En d’autres termes, la pluralité de noms et de caractères que les hommes
atribuent à Dieu et par lesquels il se laisse désigner n’affectent en aucun cas
son unicité. Ainsi, lorsque le Zohar, dans le folio suivant, dit que l’Eternel,
notre Dieu et l’Eternel sont trois noms qui sont un, il n’enseigne pas qu’il
existe trois êtres divins ou que Dieu est pluriel dans son essence,
contrairement à ce qu’il vient juste d’expliquer, mais que ces trois noms, qui
expriment trois modes d’interaction de Dieu avec le monde (Sévérité ,
Miséricorde et l’ Equilibre ), sont un, car ils désignent une unicité
singulière: Dieu qui est un.
Il semble même que cet extrait du Zohar soit
une polémique à l’encontre du Christianisme. En effet, le Zohar introduit
le passage par une curieuse objection à l’encontre de l’unicité de Dieu : « Il
existe trois noms, comment donc peuvent ils être un ? Et même si nous
l’appelons un, comment sont ils un ? ». Comme si le Zohar citait, afin de mieux
la réfuter, l’objection chrétienne à la doctrine rabbinique de Dieu. Que les chrétiens,
dans leur débat avec les rabbins, tenaient des propos similaires, on le sait de
par « traité sur la résurrection des morts » (Maamar teḥiyyat hamétim) du Rambam:
« Il n’est pas rare que quelqu’un se propose
d’expliquer un certain sujet simplement, clairement et d’une manière précise
afin de se débarrasser du doute et de tout malentendu, mais que des gens
malades d’esprit déformeront ses propos comme voulant dire l’opposé de ce qu’il
a voulu dire. C’est le cas même avec la parole d’Hashem, béni soit il.
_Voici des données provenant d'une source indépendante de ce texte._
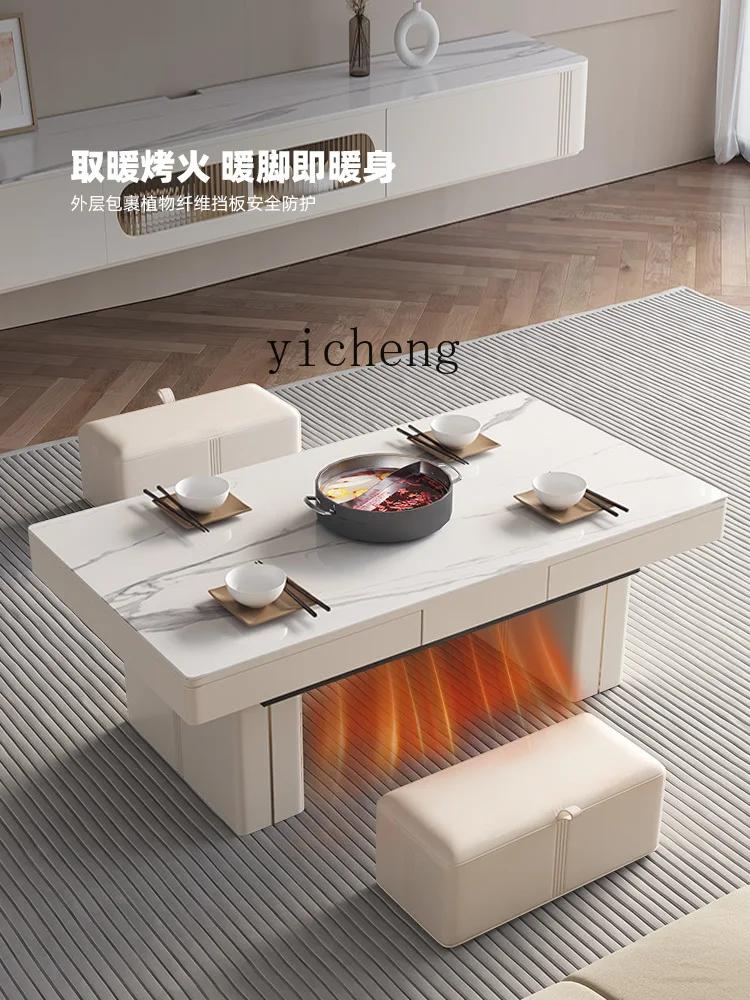 v9.10-Voice Lifting Fire Coffee Table Dual-Use Living Room Home Small Apartment Smart Heating Table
En
effet, lorsque le maître des prophètes (Moïse) a voulu nous informer par la
parole d’ Hashem, béni soit il, qu’il est un, et qu’il n’y a pas d’autres comme
lui, et pour se débarrasser de l’opinion paresseuse des dualistes, il dit pour
expliquer ce fondement : « Ecoute Israël, l’Eternel est notre Dieu, l’Eternel
est un ». Ils interprètent cependant ceci comme voulant dire que Dieu est
trois, et disent : « Il est dit « l’Eternel », puis « Notre Dieu », puis «
l’Eternel », il y a là trois noms, et après il est dit : « un », ce qui
démontre qu’ils sont trois et que les trois sont un ». A Dieu ne plaise ! » איננו רחוק שיכוון אדם לבאר
עניין הקדמה מן ההקדמות בלשון מבואר פשוט, וישתדל בו לדחות הספקות ולהסיר
הפירושים, ויבינו חולי הנפשות מן הלשון ההוא היפך ההקדמה אשר כיון לבארה. והנה
אירע כיוצא בזה בדברי השם יתברך, והוא כאשר כיוון אדון הנביאים להודיענו בדבר ה'
יתברך, שהוא אחד ואין שני לו, ולהסיר מנפשותינו הדעות הנפסדות אשר האמינום
המשניים, אמר מבאר לזאת הפינה «שמע ישראל ה' אלוהינו ה' אחד». והביאו ראיה מזה הפסוק
על שהאל הוא שלשה ואמרו, אמר «ה' אלוהינו» ואמר «ה'»
הרי אלו שלושה שמות.
ואמר אחר כך «אחד» ראיה שהם שלושה, והשלושה אחד. וחלילה לאל (Introduction
au traité sur la Résurrection)
La réponse du Zohar pourrait donc être
reformulée comme suit: « En supposant qu’il faille lire Deutéronome 6,4 comme :
« Ecoute Israël ! L’Eternel, notre Dieu, l’Eternel, est un » comme le font les
chrétiens et non « Ecoute Israël ! L’Eternel est notre Dieu, l’Eternel est un
», comme le font les juifs, cela ne voudrait pas dire que Dieu est pluriel,
mais que Dieu, qui est un, est simplement appelé par divers noms qui sont un,
car se référant tous au Dieu un ». L’analyse du contexte appuie cette
interprétation. En effet, le Zohar, dans la page précédente, s’oppose à la
théologie qui compare Dieu à un homme. D’après l’Evangile de Jean, les juifs
accusèrent Jésus de se « faire l’égal de Dieu » (Jn 5 ,18). Pour les chrétiens
de la grande Eglise, il ne s’agissait pas d’une simple accusation mensongère,
mais d’une vérité qui exprime une doctrine fondamentale de la foi chrétienne :
la divinité du Fils de Dieu aussi Fils de l’homme et son égalité avec le Père.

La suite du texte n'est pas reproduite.